Tuesday, 25 October 2011

Who are you, and what have you done with Jen Young.....

If you suggested a year ago that I would be baking bread, making pies, and eating bananas and broccoli, I would have suggested you have your head examined. I had all sorts of excuses for why I didn't have the time to make my own food from scratch and, more importantly, I was unaware of information about the food that I was eating that might have provided some motivation to make the time.

Then, several changes took place in my life (some small, some rather enormous) that set me on the hiking trail that I'm navigating today. When I was a student at McMaster I started going to the campus gym, where I went regularly to classes lead by a wonderful instructor named Ruth. She ran a spin class, a step class, and a strength class back to back every Thursday (the heaviest weights were 15lbs, but she did her best and made us hold two at once for something resembling strength training). By the time I graduated I felt my fitness had actually improved (I could make it through all three classes on a good day). But then came the real (non student) world of expensive gym fees and monotonous classes that left me peddling on the eliptical 3 times a week. Not so much with the progress anymore.... I started to suspect a change was in order, but I had no idea what that might be.

Then, my dad died of a heart attack, and my gym routine felt so futile that I could hardly scrape together the motivation to go once a week. After several months of hazy funk, I remembered Christine B mentioning this Crossfit thing at work, and decided that change was definitely in order, and that perhaps this was the change I was looking for.

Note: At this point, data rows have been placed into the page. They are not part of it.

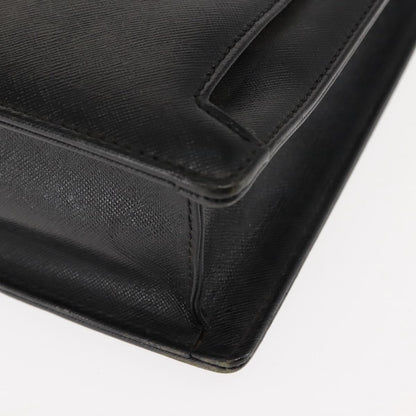 Burberry Briefcase Leather, BLACK, LEATHER, Briefcase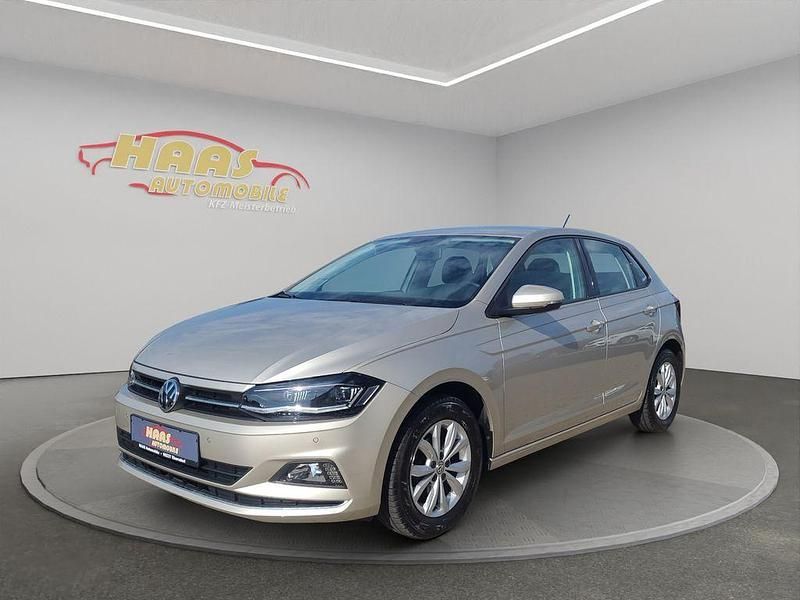 Beige Gebraucht 2018 VW Polo Highline Limousine | 14.290 € (Fairer Preis) - Bild 1/4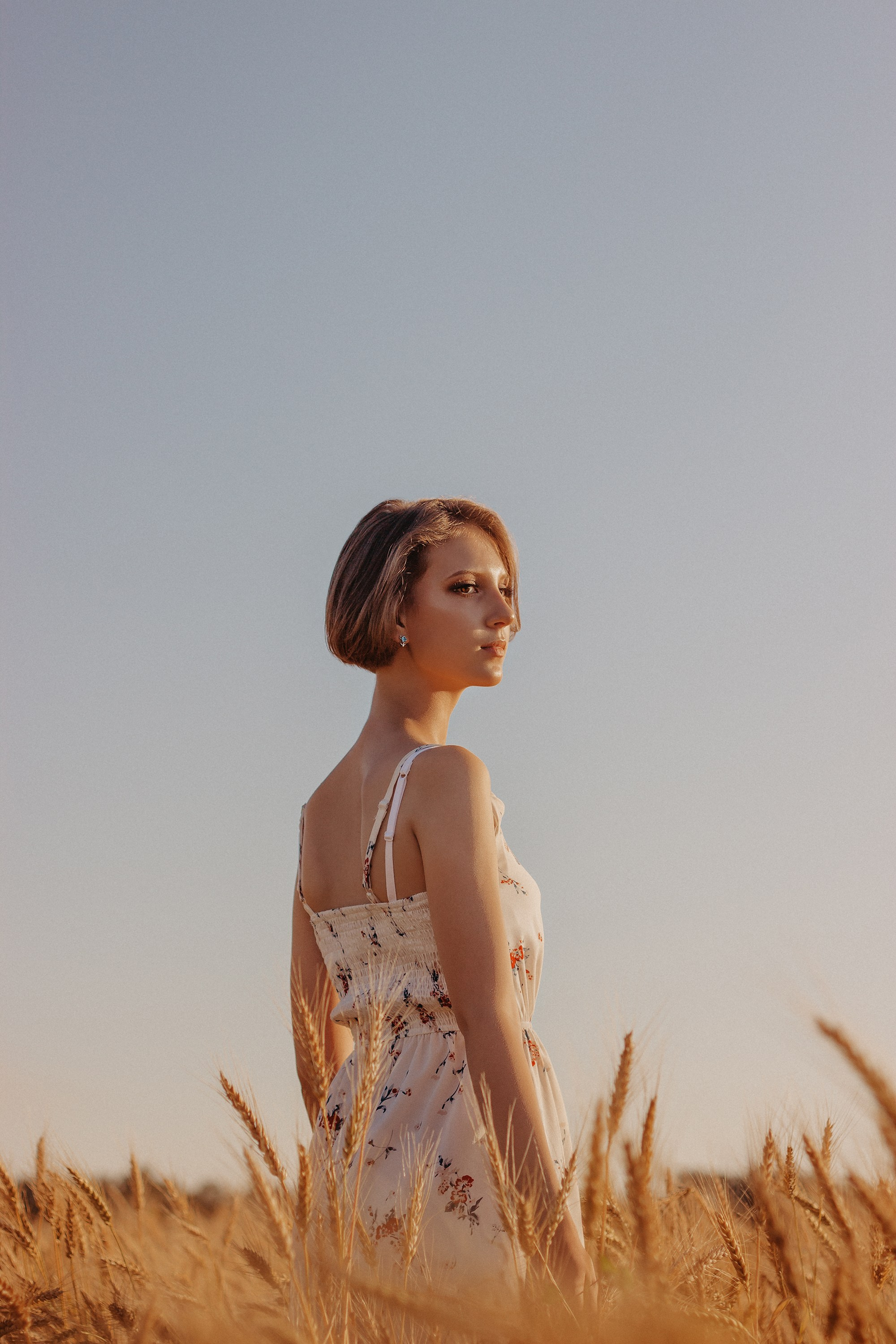 В золотых колосьях нежно ветер шепчет. Свадебный фотограф Илья Бринк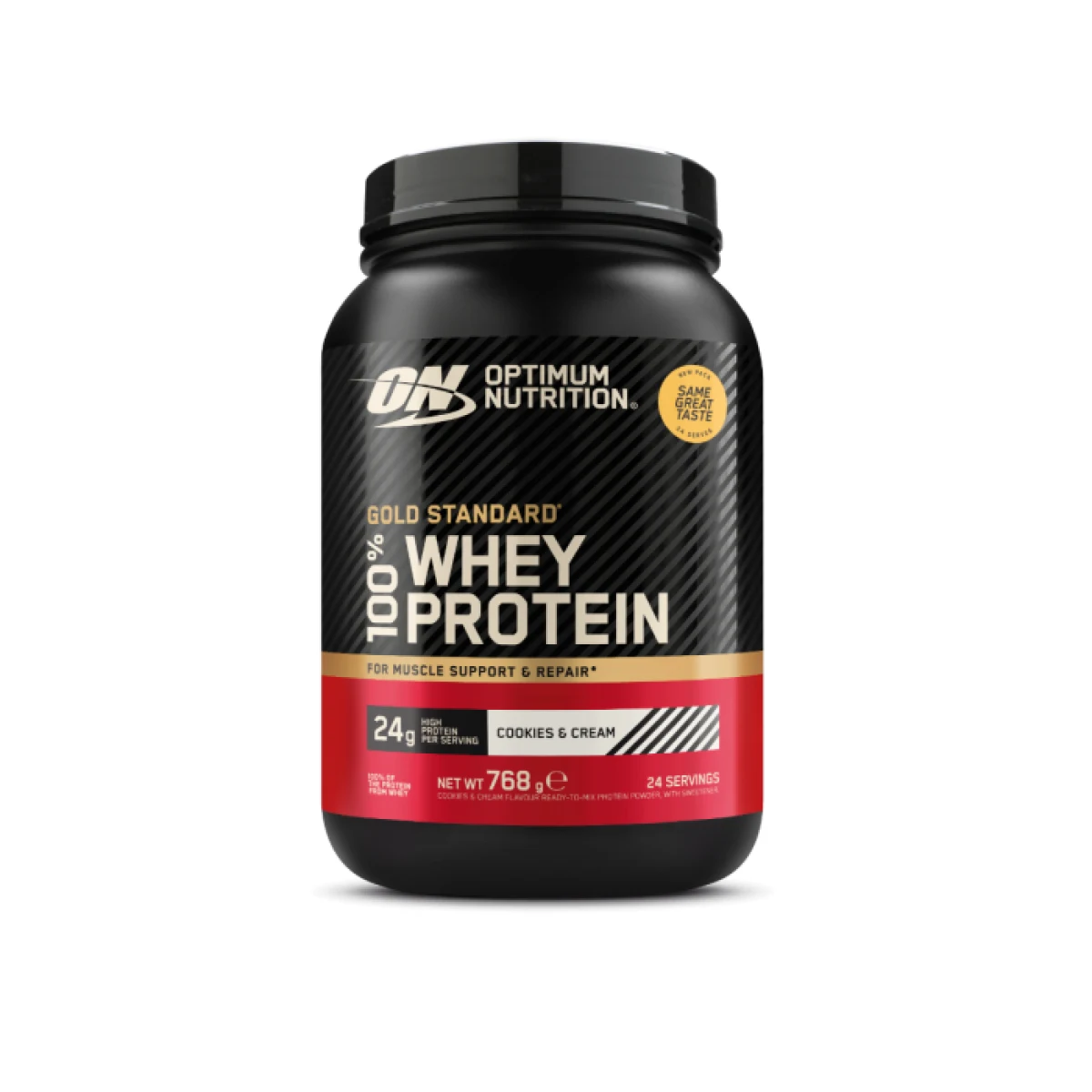Optimum Nutrition 100 Whey Gold Standard cookies & cream · záber 1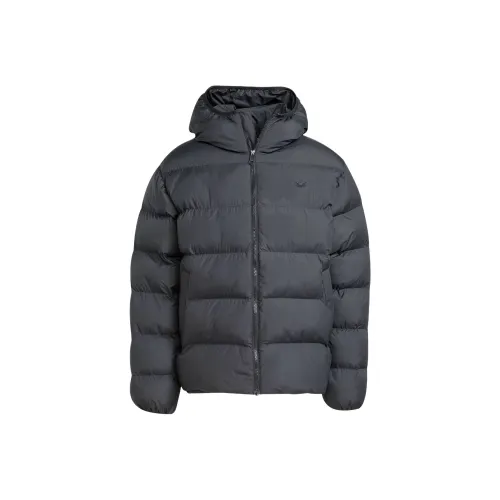 Adidas Originals Puffer FW25 Tonal С капюшоном Пуховая куртка Мужская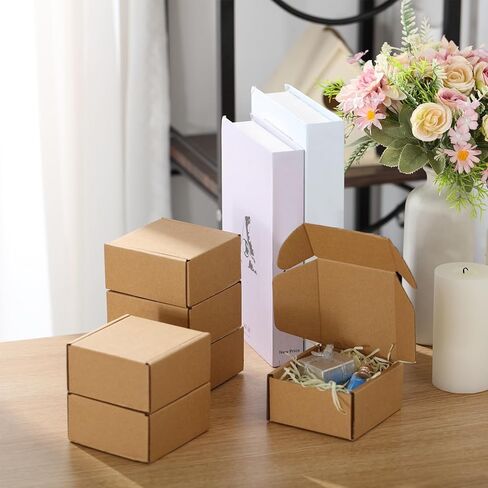 Qilery 200 Pcs Shipping Boxes Corrugated Cardboard Mailer Boxes Packaging Present Gift for Shipping Mailing Small Business(7 x 5 x 2 Inch,White) in Saudi Arabia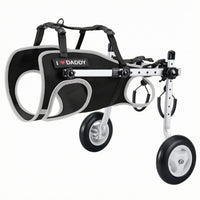 Adjustable Dog Wheelchair Lightweight Hind Leg Support Vehicle Mesh Textile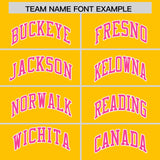 Custom Yellow Varsity Full-Snap Color Block Letterman Jacket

Over a year later, I can say with sincerity that Altitude and the people there have not only changed my life, but my outlook on life as well.

So my fitness was back on track again, and through this new brand of fitness I was introduced to a new way of thinking about food. This coincided nicely with the decision to order a weekly box of organic, local vegetables to share with my roomate (more on that later). Slowly, I began to look for replacements and substitutions in my diet to bring me closer to the Paleo diet, and at the same time the veggie box was forcing me to be more creative with my meals (there were veggies I'd never even heard of, google was required). I also have this compulsive need to immediately research anything and everything that someone claims to be true (I blame math and its tidy proofs, I need that QED), and I directed this compulsion toward all things to do with food and the body.

Put all of these things together, and you end up with a person who went from frozen pizzas and Zoodles, to "one of those people who bakes and stuff". Weird. I still don't bake for fun; it isn't something that I wake up in the morning feeling excited about. But I certainly enjoy consuming the end product, and it somehow tastes better when I know exactly what's in it and what sort of fuel it will provide. There's also the basic satisfaction that you get from making something "all by yourself", and from sharing your culinary successes with others. (And when they declare your creation to be delicious, it's the adult equivalent of when your mom used to stick your artwork on the fridge)

So, the point of that unintentionally long-winded ramble was to introduce the intention behind this space. I consider(ed?) myself to be rather inexpert in the kitchen; I started out profoundly uncreative with my meals, and I have actually managed to screw up cookies made from a mix in the past. This isn't meant to be a place to share my "expert opinion". Instead, I plan to record the things that I'm learning from those I consider to be more expert than myself. In addition, I will share my attempts to become actively engaged in my own fitness, happiness, and all around health, and hope that anyone who happens across this space will do the same.